# Installation

In this section we demonstrate how to prepare an environment with PyTorch.

## Requirements

- Linux (Windows is not officially supported)
- Python 3.6+
- PyTorch 1.8 or higher
- CUDA 10.1 or higher
- NCCL 2
- GCC 4.9 or higher
- [mmcv-full](https://github.com/open-mmlab/mmcv) 1.4.7 or higher (use `mmcv` for fast installation)

We have tested the following versions of OS and softwares:

- OS: Ubuntu 16.04/18.04 and CentOS 7.2
- CUDA: 10.0/10.1/11.0/11.2
- NCCL: 2.1.15/2.2.13/2.3.7/2.4.2 (PyTorch-1.1 w/ NCCL-2.4.2 has a deadlock bug, see [here](https://github.com/open-mmlab/OpenSelfSup/issues/6))
- GCC(G++): 4.9/5.3/5.4/7.3/7.4/7.5

## Install openmixup

We recommend that users follow our best practices to install OpenMixup.

**Step 0.** Create a conda virtual environment and activate it.

```shell
conda create -n openmixup python=3.8 -y
conda activate openmixup
```

**Step 1.** Install PyTorch and torchvision following the [official instructions](https://pytorch.org/), e.g., on GPU platforms:

```shell
conda install pytorch torchvision torchaudio cudatoolkit=10.1 -c pytorch
# assuming CUDA=10.1, "pip install torch==1.8.1+cu101 torchvision==0.9.1+cu101 torchaudio==0.8.1 -f https://download.pytorch.org/whl/torch_stable.html"
```

**Step 2.** Install [MMCV](https://github.com/open-mmlab/mmcv) using [MIM](https://github.com/open-mmlab/mim). We recommend the users to install mmcv-full from the source using MIM (or it will install from the source with pip in step 4). You can also use `pip install mmcv` for fast installation.

```shell
pip install -U openmim
mim install mmcv-full
```

**Step 3.** Install other third-party libraries (not necessary). Please install [pyGCO](https://github.com/Borda/pyGCO) for PuzzleMix (used for cut_grid_graph, DON'T USE `pip install gco==1.0.1`).

```shell
conda install faiss-gpu cudatoolkit=10.1 -c pytorch  # optional for DeepCluster and ODC, assuming CUDA=10.1
pip install opencv-contrib-python  # optional for SaliencyMix (cv2.saliency.StaticSaliencyFineGrained_create())
```

**Step 4.** Install OpenMixup. To develop and run openmixup directly, install it from the source:

```shell
git clone https://github.com/Westlake-AI/openmixup.git
cd openmixup
pip install -v -e .
# "-v" means verbose, and "-e" means installing in editable mode;
# or "python setup.py develop"
```

**Step 5.** Install Apex (optional), following the [official instructions](https://github.com/NVIDIA/apex), e.g.
```shell
git clone https://github.com/NVIDIA/apex
cd apex
pip install -v --disable-pip-version-check --no-cache-dir --global-option="--cpp_ext" --global-option="--cuda_ext" ./
```
If some errors occur when you install Apex from the source, you can try `python setup.py install` for fast installation.

**Note:**

1. The git commit id will be written to the version number with step d, e.g. 0.1.0+2e7045c.
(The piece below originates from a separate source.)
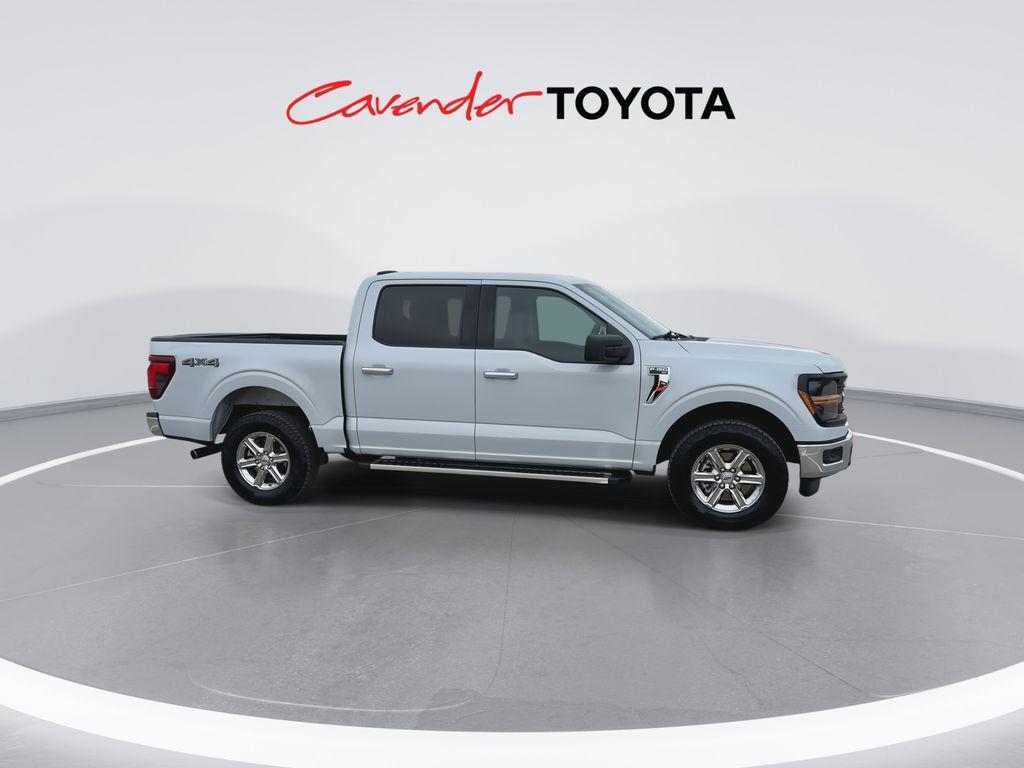 used 2025 Ford F-150 car, priced at $42,494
The version will also be saved in trained models.

2. Following the above instructions, openmixup is installed on `dev` mode, any local modifications made to the code will take effect without the need to reinstall it (unless you submit some commits and want to update the version number).

3. If you would like to use `opencv-python-headless` instead of `opencv-python`,
you can install it before installing MMCV.


## Customized installation

### Benchmark

According to [MMSelfSup](https://github.com/open-mmlab/mmselfsup), if you need to evaluate your pre-training model with some downstream tasks such as detection or segmentation, please also install [Detectron2](https://github.com/facebookresearch/detectron2), [MMDetection](https://github.com/open-mmlab/mmdetection) and [MMSegmentation](https://github.com/open-mmlab/mmsegmentation).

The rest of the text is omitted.